On her return from Toronto, McGrane learned the Walking Fish Festival for artists fresh out of theatre school was gasping for cash because of gambling money cuts to the arts from the province. So she and Upintheair Theatre, which started Walking Fish, created the Neanderthal Arts Festival last year.
They christened the festival neanderthal because it’s about the beginning of things.
“We’re interested in stories and for us there’s something about the image of cave men huddled in a cave or around a fire telling stories that just sparked our imaginations,” McGrane said.
This year’s five mainstage plays include a Beckett-like parable about a man building a chair, a musical about a bigamist, a Dadaist take on contemporary life, a true story about one woman’s pregnant brother and Main’s play.
The Walking Fish Showcase features three 20-minute plays commissioned by the Neanderthal Festival and written on themes of science, technology and transformation.
There’s a sci-fi thriller, a reimagining of rejected technology and a man trying to compensate for the loss of his manliness with a cannon arm.

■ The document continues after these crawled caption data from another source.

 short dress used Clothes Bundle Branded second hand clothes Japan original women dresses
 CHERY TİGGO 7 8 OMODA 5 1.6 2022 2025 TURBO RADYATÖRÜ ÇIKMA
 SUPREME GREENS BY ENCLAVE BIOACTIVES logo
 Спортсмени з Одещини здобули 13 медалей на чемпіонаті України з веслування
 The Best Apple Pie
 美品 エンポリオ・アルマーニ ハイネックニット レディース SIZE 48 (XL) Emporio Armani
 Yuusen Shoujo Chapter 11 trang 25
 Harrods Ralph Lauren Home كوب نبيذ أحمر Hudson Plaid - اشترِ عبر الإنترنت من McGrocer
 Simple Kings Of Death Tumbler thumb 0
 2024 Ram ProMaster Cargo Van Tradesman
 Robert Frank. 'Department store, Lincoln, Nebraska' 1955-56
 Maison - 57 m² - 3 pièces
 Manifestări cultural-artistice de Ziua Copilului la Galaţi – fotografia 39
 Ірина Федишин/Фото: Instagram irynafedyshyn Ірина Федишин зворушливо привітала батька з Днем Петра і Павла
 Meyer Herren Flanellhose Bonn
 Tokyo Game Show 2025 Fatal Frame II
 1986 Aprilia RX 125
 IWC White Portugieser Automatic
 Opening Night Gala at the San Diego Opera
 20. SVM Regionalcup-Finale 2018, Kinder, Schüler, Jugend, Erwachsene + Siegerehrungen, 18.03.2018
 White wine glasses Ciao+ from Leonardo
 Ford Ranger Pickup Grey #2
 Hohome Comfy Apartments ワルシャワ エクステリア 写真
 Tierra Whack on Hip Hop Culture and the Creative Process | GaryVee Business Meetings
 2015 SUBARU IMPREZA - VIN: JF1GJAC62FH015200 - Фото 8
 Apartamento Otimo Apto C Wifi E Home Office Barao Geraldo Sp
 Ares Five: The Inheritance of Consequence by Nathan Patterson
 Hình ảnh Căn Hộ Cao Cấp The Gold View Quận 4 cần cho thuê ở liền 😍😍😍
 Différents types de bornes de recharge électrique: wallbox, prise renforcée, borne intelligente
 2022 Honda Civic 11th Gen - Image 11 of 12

Like last year, festival goers will be invited to dress as neanderthals and have their picture snapped in a photo booth.
New this year, social media enthusiasts are invited to tweet and live blog from the balcony or “the grunt deck.”
McGrane says she and co-organizers don’t pray for rain to attract audiences.
“The Cultch has air conditioning,” she said. “It’s got two bars and air conditioning. Who wouldn’t want to come and hang out with some neanderthals and watch some good theatre.”